Records for this task:
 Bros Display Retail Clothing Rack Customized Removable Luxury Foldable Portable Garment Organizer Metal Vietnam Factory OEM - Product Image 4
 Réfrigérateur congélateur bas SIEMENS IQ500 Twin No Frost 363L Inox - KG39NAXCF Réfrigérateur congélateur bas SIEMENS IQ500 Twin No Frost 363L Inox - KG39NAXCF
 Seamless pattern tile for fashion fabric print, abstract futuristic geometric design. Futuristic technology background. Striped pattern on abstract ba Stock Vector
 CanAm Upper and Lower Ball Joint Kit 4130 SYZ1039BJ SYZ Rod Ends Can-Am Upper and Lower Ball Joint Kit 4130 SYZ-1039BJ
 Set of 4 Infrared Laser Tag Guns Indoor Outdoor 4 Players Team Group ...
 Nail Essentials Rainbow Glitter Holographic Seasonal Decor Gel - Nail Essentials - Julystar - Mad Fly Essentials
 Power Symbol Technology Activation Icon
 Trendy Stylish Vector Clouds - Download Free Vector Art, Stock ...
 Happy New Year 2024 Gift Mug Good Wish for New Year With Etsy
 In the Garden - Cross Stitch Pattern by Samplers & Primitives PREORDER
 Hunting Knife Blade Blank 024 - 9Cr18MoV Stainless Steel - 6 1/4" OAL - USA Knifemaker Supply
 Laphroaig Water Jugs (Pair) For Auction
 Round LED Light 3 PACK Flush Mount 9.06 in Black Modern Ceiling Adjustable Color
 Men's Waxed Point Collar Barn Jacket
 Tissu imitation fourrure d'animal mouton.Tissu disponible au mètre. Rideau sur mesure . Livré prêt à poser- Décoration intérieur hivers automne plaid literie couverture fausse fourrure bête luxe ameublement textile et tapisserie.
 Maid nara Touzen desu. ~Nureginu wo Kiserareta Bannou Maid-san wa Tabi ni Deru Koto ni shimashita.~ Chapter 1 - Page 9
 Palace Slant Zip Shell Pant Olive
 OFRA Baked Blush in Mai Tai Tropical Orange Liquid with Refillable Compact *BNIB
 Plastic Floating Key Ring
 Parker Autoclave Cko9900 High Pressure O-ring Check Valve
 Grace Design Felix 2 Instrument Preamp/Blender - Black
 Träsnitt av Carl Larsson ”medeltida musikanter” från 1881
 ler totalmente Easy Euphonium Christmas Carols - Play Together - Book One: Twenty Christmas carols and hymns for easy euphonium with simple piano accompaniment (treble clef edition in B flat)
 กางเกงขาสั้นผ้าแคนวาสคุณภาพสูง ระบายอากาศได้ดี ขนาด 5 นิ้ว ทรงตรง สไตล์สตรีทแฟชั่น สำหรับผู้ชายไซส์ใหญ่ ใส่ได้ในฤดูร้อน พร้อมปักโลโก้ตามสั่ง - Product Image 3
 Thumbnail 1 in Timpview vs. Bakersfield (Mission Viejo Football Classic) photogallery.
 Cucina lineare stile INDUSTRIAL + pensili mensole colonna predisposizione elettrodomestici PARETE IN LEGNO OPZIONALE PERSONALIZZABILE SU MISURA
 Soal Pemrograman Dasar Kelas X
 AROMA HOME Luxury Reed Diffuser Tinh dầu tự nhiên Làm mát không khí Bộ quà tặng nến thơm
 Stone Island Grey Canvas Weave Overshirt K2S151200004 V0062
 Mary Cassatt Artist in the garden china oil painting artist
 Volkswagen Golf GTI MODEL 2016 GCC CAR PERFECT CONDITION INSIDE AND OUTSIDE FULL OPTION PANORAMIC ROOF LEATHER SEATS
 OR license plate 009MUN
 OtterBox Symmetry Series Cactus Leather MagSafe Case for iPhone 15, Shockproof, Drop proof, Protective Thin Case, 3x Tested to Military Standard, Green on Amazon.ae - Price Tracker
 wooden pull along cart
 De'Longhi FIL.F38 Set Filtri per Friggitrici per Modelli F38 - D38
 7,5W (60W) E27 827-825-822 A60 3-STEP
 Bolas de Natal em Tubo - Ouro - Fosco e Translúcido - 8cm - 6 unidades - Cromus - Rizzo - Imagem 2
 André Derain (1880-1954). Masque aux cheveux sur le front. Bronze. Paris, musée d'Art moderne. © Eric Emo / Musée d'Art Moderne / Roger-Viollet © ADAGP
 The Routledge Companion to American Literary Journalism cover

Your task: Where the line holding "Happy New Year" appears in the listing above, start reproducing exactly, and end with the line holding "Tissu imitation fourrure".

Result of this task:
 Happy New Year 2024 Gift Mug Good Wish for New Year With Etsy
 In the Garden - Cross Stitch Pattern by Samplers & Primitives PREORDER
 Hunting Knife Blade Blank 024 - 9Cr18MoV Stainless Steel - 6 1/4" OAL - USA Knifemaker Supply
 Laphroaig Water Jugs (Pair) For Auction
 Round LED Light 3 PACK Flush Mount 9.06 in Black Modern Ceiling Adjustable Color
 Men's Waxed Point Collar Barn Jacket
 Tissu imitation fourrure d'animal mouton.Tissu disponible au mètre. Rideau sur mesure . Livré prêt à poser- Décoration intérieur hivers automne plaid literie couverture fausse fourrure bête luxe ameublement textile et tapisserie.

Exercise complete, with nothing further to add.